Last week we reported on several controversies regarding public displays of traditional and not-so-traditional religious iconography.  Well, it seems that the issue isn’t dead yet. Since our last holiday post, several new stories have come to surface.

Oh Holy Zombies? The manager of “13 Rooms of Doom Haunted House,” Jasen Dixon, wanted to celebrate Christmas like many do in Sycamore Township, Ohio—erect a front yard nativity scene.  Dixon’s display is special, however, because he decided to work with the materials he had at hand.  That’s right, zombies from the haunted house he manages.

Describing the undead scene, Dixon explained, “It’s a different take. I handmade everything but Joseph and baby Jesus so it’s kind of artsy….”  A crowned wise man presents baby, fanged Jesus with a skull as undead Mary and Joseph look on.  The somewhat ghoulish crowd is protected by an eight foot structure with roof, hay, lights, and what appears to be the skeleton of a dog.

Although Dixon might be prepared for a future zombie apocalypse, he may also have to prepare for a fight with the Township over its zoning code.  Apparently, the subject zone does not allow front or side yard structures that cover 35% or more of the area.  Dixon claims that the zombie scene makes up only about 14 to 17% of the area.  Zoning officials requested that Dixon remove the display by Friday, December 26 or face a $1,000 fine.  A report from the same day, however, indicates that Dixon refused to remove the display as requested.
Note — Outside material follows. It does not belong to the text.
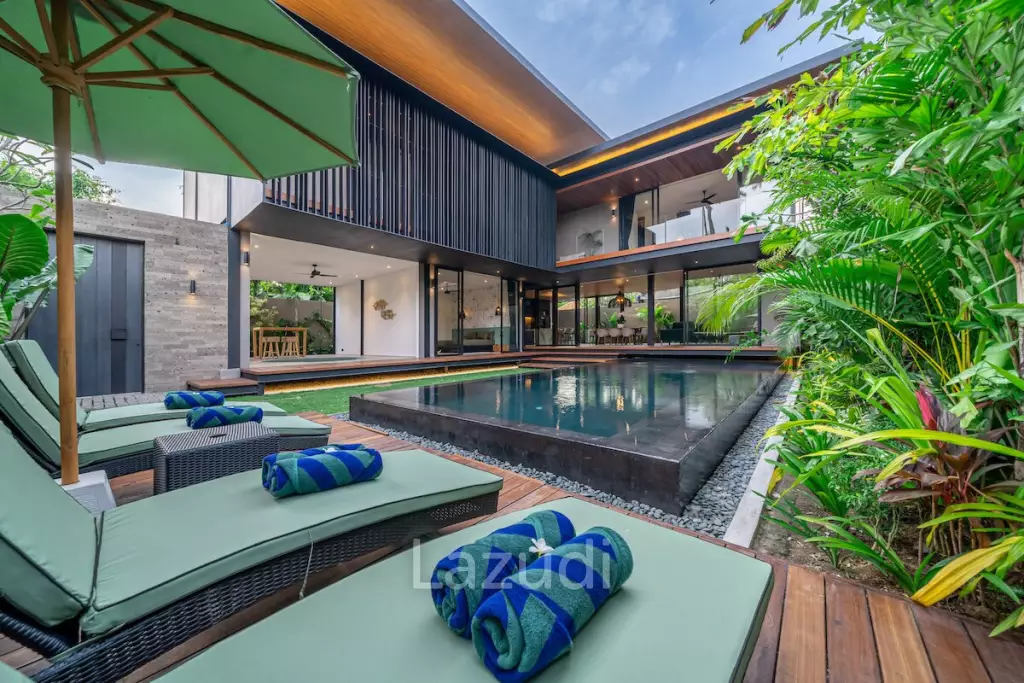 4 Bedroom Luxury Villa in the Heart of Seminyak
In fact, Dixon has established a crowd-funding site “to make a better zombie nativity scene for everyone to see next year and funds to pay the township citations for having the structure.”

Satan Not Welcome? Last time, we reported that the Satanic Temple in Florida erected an “Angel in Hellfire” display in the state Capitol Rotunda.  The display portrays an angel falling from the sky into a fiery pit.

Since our initial report, the angel has fallen—literally.  According to the Associated Press, Susan Hemeryck, 54, of Tallahassee attacked the display, after announcing to an on-duty police officer, that she was “sorry and had to take the satanic display.”  Hemeryck was advised to leave the display alone, but she then reached forward and began to rip the display apart.

John Porgal, regional director of American Atheists, later visited the Capitol and stated “the angel’s dead.”  Hemeryck was later charged with criminal mischief, a second degree misdemeanor.

The Winter Solstice Takes Revenge: The courthouse in Mountain Home, Arkansas has displayed a nativity scene on its front lawn for years.  For the past two years, however, the courthouse’s chief administrator has refused to make a new addition—a “Happy Solstice” banner.

After the second denial and two days prior to Christmas, the American Humanist Association (“AHA”) and Baxter County resident Dessa Blackthorn filed a complaint in the U.S. District Court for the Western District of Arkansas against the County and County Judge Mickey Pendergrass.   The lawsuit, according to Blackthorn, isn’t meant to take anything away from anyone. “It’s about equality,” said Blackthorn.

According to the Baxter Bulletin, the AHA sent a letter on two occasions after the 2013 denial, requesting that the crèche be removed unless other religious and non-religious groups were allowed to make a holiday display on the courthouse lawn.

In an interview, Judge Pendergrass provided his view that the display is constitutional and that the Winter Solstice banner was denied because no banners are allowed on the courthouse lawn.  However, the complaint, available here, claims that “[o]n or about January 24, 2014, a large, unattended banner was displayed on or near the Courthouse property.”

More Notable Nativity Scenes: Although the “25 Most Awesomely Inexplicable Nativity Scenes” may not raise questions of constitutional law, they are fun to gawk at (or just plain cute).  Thanks to BuzzFeed for assembling the entertaining list (albeit in 2011) full of comic book heroes and villains, star trek and star wars characters, dogs and dinosaurs.